Create an event that makes him feel sorry for you
Something happens deep inside of a man when he witnesses a woman he loves in pain or suffering in any way.  A man can feel a deep love for a woman but many men need an additional push to feel it at their deepest core.  Men have a less powerful sense of empathy than women so you have to help it along.  I have spoken with many men about this.  One man told me he felt an incredibly heightened sense of love for his girlfriend when she left the dentist's office after her wisdom teeth were removed.  As she gently wept in the recovery process, he said he knew at that point he was going t marry her.  Try it!  Warning:  don't think that creating some crazy emotional conflict with one of your girlfriends will make him feel sorry for you.  That will work against you.  Try something genuine.  If you happen to get an injury, use it to your advantage.  If you need a medical intervention of some sort, use it.
 
Feed that ego
Men have voraciously hungry egos.  As a general rule you should always be feeding it.  But to get the marital commitment level you need to step up all efforts.  Make a noticeable increase in you admiration for everything about him.  Areas to focus on include his intelligence, morality, career success or potential, work ethic, integrity, athletic ability, social skills, etc.  Let him know you value these things immensely.  Let him hear you telling other girls how smart he is, etc.  You already know how to do this but you need to seriously elevate it.

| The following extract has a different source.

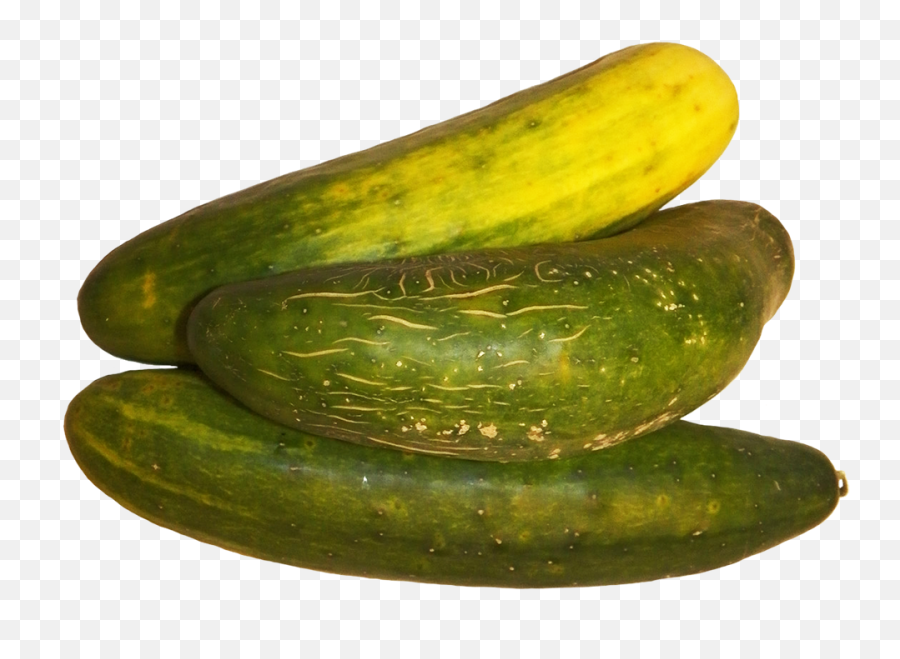Vegetables Clipart - Spreewald Gherkins Png,Cucumber Png
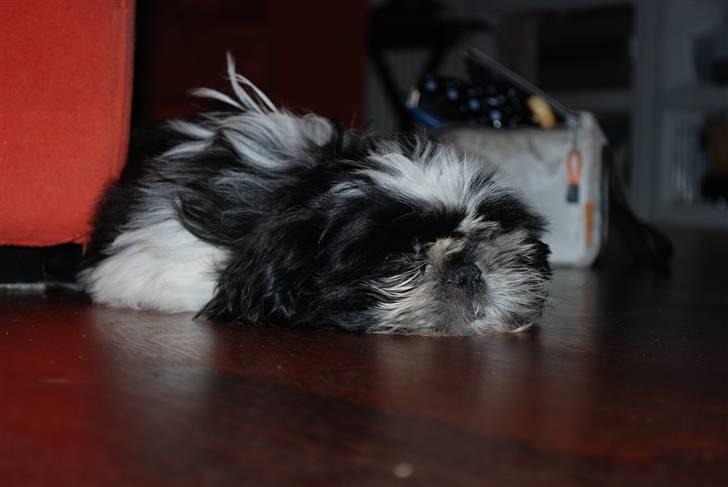 Shih tzu Ludwig billede 20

Healthy jealousy - the final frontier in relationship building

This is not a recommendation to create situations with other men that make him jealous.  But in a subtle way you should let him know about the situations that already occur.  Normally you keep these situations to yourself out of respect for him but no more.  It is time to open up a small part of your life to help him clearly see you as an object of desire.  When a guy at work asks you to lunch, let him know about it in a humorous way.  When a guy in the mall stares at you for 10 minutes, let him know.  When you get an email from an old boyfriend, let him know.  If he hears these things a couple times a week I guarantee something will stir within him. 

As always, don't overdo it in any of the above areas.  Be gentle with your new found knowledge.  Good luck!